The main stream media were there front and center fueling the hype by publishing a disproportionate number of articles that reinforced what people wanted to believe and what their sponsors wanted people to believe; no care was given to the risk people were taking nor to the cost to society. Prominent RE talking heads with seemingly impressive credentials, like David Lereah (who is labeled as "chief economist" of the National Association of Realtors but who, IMO, is more properly labeled as "chief salesman" for the NAR), gave seemingly rational reasons for why the mania made sense and why everyone should be jumping into RE without asking questions -- debt is the new wealth, so don't worry about it; if you paid off your mortgage then you were doing something wrong. No one bothered to point out that such people have a vested interest in promoting that particular point of view. Lereah even published
three books to make his case (the themes of which seem to change as the housing situation changes) and to make a few extra dollars for himself -- "

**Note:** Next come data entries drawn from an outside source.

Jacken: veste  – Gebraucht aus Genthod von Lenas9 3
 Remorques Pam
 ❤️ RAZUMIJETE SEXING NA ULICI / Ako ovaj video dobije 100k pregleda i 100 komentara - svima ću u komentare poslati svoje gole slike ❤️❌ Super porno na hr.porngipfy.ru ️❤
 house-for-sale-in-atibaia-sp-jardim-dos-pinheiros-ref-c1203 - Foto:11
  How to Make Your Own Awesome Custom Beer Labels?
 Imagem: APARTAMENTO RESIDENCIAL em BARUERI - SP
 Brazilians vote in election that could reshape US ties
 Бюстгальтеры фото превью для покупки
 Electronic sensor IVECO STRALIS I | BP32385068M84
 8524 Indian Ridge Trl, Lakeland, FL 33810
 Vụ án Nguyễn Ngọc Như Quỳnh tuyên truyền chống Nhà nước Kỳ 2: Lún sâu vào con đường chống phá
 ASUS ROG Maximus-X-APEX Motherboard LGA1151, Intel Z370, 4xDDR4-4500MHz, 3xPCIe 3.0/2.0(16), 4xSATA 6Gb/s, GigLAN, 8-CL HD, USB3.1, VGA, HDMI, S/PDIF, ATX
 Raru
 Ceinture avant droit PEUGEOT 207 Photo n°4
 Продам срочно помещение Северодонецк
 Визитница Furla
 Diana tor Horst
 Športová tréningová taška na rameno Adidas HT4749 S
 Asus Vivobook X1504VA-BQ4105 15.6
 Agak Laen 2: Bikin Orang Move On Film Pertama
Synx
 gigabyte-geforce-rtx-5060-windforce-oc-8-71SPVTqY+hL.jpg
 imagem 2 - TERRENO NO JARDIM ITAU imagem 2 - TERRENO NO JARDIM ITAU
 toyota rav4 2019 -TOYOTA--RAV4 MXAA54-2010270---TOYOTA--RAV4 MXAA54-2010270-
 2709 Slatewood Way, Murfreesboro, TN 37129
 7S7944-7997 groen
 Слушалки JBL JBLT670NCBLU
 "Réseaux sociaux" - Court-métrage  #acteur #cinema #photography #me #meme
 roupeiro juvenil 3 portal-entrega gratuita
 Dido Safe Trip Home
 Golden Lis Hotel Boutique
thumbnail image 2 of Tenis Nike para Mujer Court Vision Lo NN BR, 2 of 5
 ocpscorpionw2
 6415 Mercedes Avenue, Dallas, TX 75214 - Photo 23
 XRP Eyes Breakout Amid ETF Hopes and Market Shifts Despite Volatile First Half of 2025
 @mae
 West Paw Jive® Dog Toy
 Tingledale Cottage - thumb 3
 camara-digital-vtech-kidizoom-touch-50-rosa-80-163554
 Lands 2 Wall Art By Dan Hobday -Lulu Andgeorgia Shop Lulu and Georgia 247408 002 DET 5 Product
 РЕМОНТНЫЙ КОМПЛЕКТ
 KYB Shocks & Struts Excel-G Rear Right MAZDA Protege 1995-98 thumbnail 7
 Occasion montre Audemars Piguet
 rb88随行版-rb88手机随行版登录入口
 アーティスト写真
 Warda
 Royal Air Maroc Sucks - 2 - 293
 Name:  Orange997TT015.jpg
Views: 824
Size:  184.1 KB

Are You Missing the Real Estate Boom?: The Boom Will Not Bust and Why Property Values Will Continue to Climb Through the End of the Decade", "
Why the Real Estate Boom Will Not Bust -- And How You Can Profit From It", and more recently "
All Real Estate is Local: Why Understanding the Housing Trends in Your Area Is Essential to Building Wealth". Leslie Appleton-Young (chief economist of the California Association of Realtors) was there too spewing the self-interested party line. Even your local realtors and agents were there saying the same things. Everyone in the entire RE industry was doing what they could to bolster what they wanted you to believe. Everyone was gambling and everyone was making money and so who cared? It's different this time, right?
And as long as prices kept rising, it all made sense; it worked, at least for those willing to play with fire.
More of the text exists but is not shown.